What the task asks:
Return every line of the records, exact and in full, until you have returned the line with "Jean Baudrillard Quotes: We", and include none of the pictures.

Data provided:
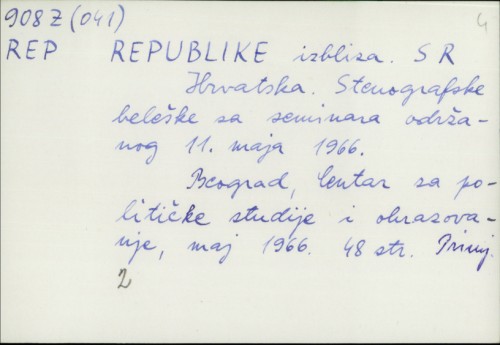 Republike izbliza : SR Hrvatska ; Stenografske beleške sa seminara održanog 11. maja 1966. /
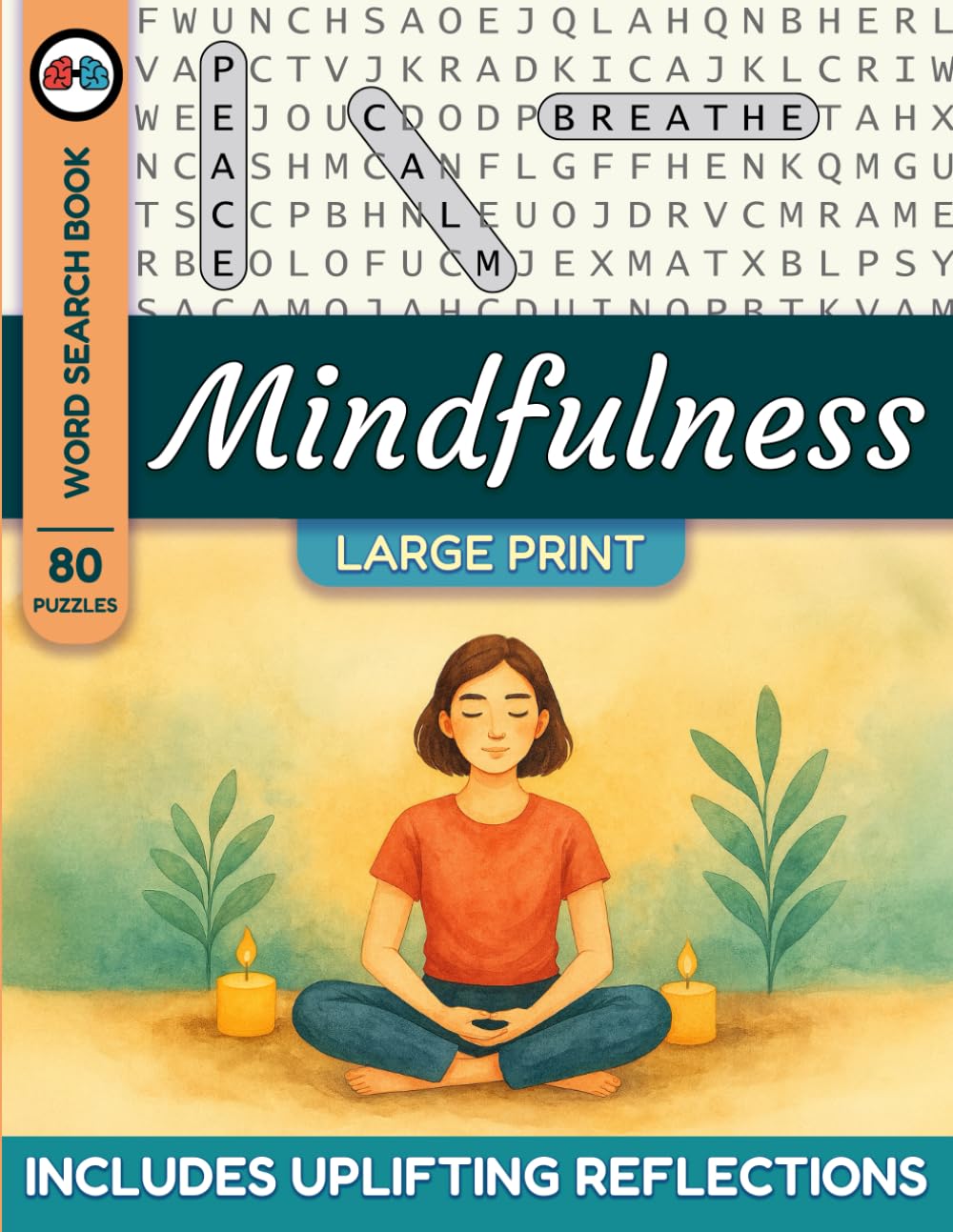 Mindfulness Word Search for Adults: Puzzles and Mindful Reflections for Stress Relief and Anxiety Soothing through Playful Meditation (WORD SEARCHES with a Twist)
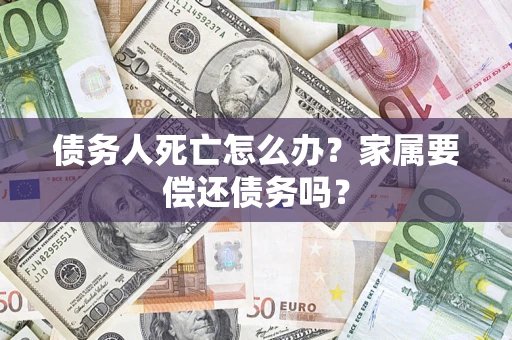 北京债务人死亡怎么办？家属要偿还债务吗？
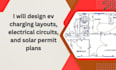 design ev charging layouts, electrical circuits, and solar permit plans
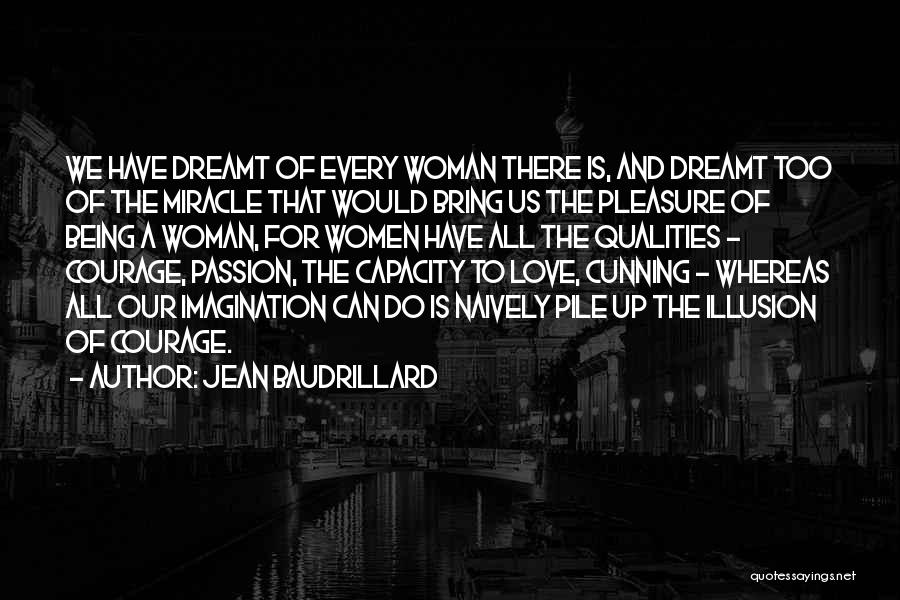 Jean Baudrillard Quotes: We Have Dreamt Of Every Woman There Is, And Dreamt Too Of The Miracle That Would Bring Us The Pleasure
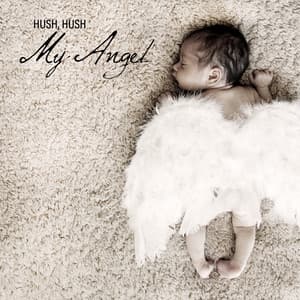 Hush, Hush My Angel - Ambient New Age Sleep Music Dedicated to Newborns, Goodbye Lullaby, Self Hipnose, Sleep Baby Sleep, Soft Sound, Cradle Song - Baby Lullaby Festival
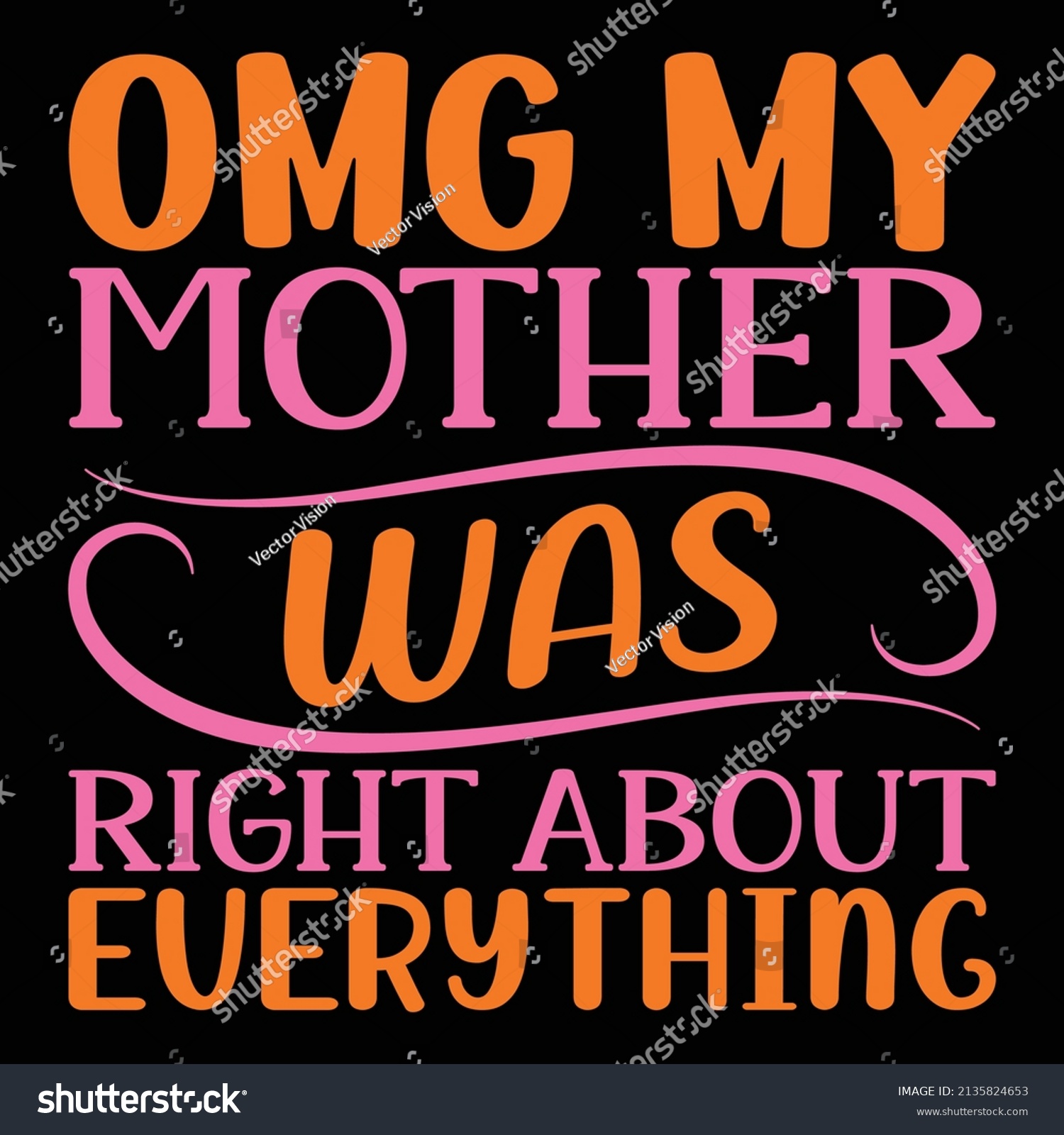 Omg My Mother Right About Everything Stock Vector Royalty Free 2135824653 Shutterstock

Task response:
 Republike izbliza : SR Hrvatska ; Stenografske beleške sa seminara održanog 11. maja 1966. /
 Mindfulness Word Search for Adults: Puzzles and Mindful Reflections for Stress Relief and Anxiety Soothing through Playful Meditation (WORD SEARCHES with a Twist)
 北京债务人死亡怎么办？家属要偿还债务吗？
 design ev charging layouts, electrical circuits, and solar permit plans
 Jean Baudrillard Quotes: We Have Dreamt Of Every Woman There Is, And Dreamt Too Of The Miracle That Would Bring Us The Pleasure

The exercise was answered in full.